# northern CA -- women's training series -- Strawberry Fields Forever



## velogirl (Oct 14, 2005)

Hey all! Velo Girls will start a progressive training ride series leading up to Strawberry Fields Forever (May 18th). All women and girls are invited to participate.

Details at http://www.velogirls.com/team/enduranceEvents.php

*March 15th 2008 - 8:45 AM*
Team Velo Girls SFF Training Ride #1
Meet with Mellow Velo at Canada & 92
Woodside Out & Back -- 15 miles (mostly flat and rolling)

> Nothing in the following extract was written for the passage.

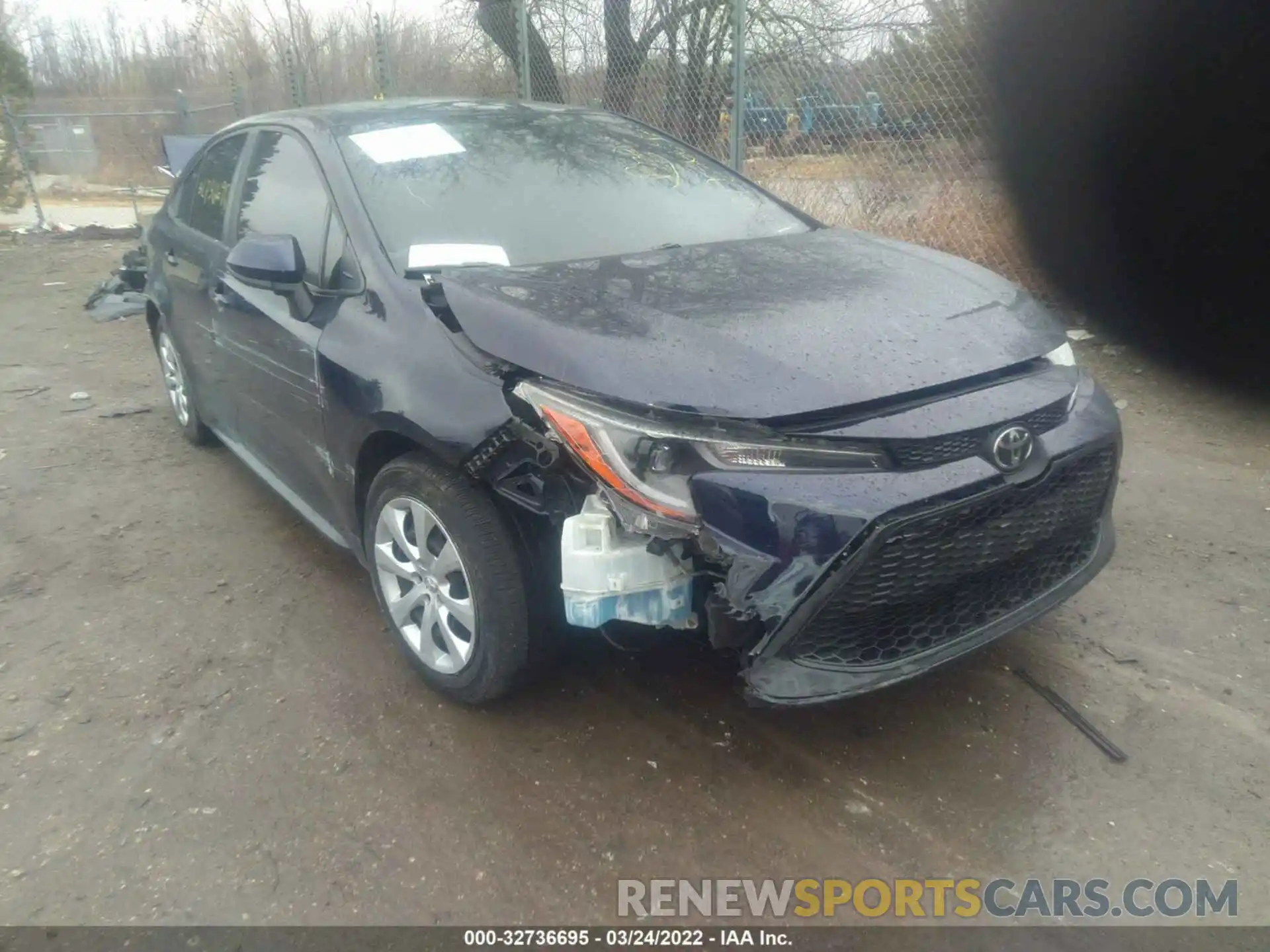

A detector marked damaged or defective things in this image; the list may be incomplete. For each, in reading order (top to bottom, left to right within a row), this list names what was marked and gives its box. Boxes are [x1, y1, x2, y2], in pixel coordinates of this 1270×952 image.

broken headlight [510, 381, 889, 525]
crumpled bumper cover [696, 383, 1122, 705]
damaged front bumper [696, 383, 1122, 711]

*March 22nd, 2008 - 8:45 AM*
Team Velo Girls SFF Training Ride #2
Meet at Menlo Park CalTrain Station
Portola Valley Loop - 25 miles (rolling)

*March 29th, 2008 - 8:45 AM*
Team Velo Girls SFF Training Ride #3
Meet at Mike's Bikes, Sausalito
Strawberry-Tiburon loop - approx. 30 miles (hilly)

*April 5th, 2008 - no ride*
(Cinderella Classic)

*April 12th, 2008 - 8:45am*
Team Velo Girls SFF Training Ride #4
Meet at the Orinda BART Station
Three Bears Loop - approx. 40 miles (hilly)

*April 19th, 2008 - 8:15am*
Team Velo Girls SFF Training Ride #5
Meet at Fremont BART
Calaveras Mini-loop 38 miles (long climb)

*April 26th, 2008 - 8:45am*
Team Velo Girls SFF Training Ride #6
Details TBD

*May 3rd, 2008 - 8:15am*
Team Velo Girls SFF Training Ride #7
Meet at Mike's Bikes, Sausalito
Pt. Reyes Station via Nicasio (approx. 60 miles) (hilly)

*May 10th, 2008 - 8:45am*
Team Velo Girls SFF Training Ride #8
(Cool-Down pre-event)
Meet at Burlingame CalTrain Station
Woodside Out & Back 30 miles (rolling)

*May 18th, 2008*
Strawberry Fields Forever
Watsonville

You'll find more details on these and all our rides and events on the Velo Girls calendar.


----------



## iliveonnitro (Feb 19, 2006)

Not sure how long this has been running, but great job getting this going.


----------



## velogirl (Oct 14, 2005)

Thanks, Nitro. Velo Girls has been around since 2002.


----------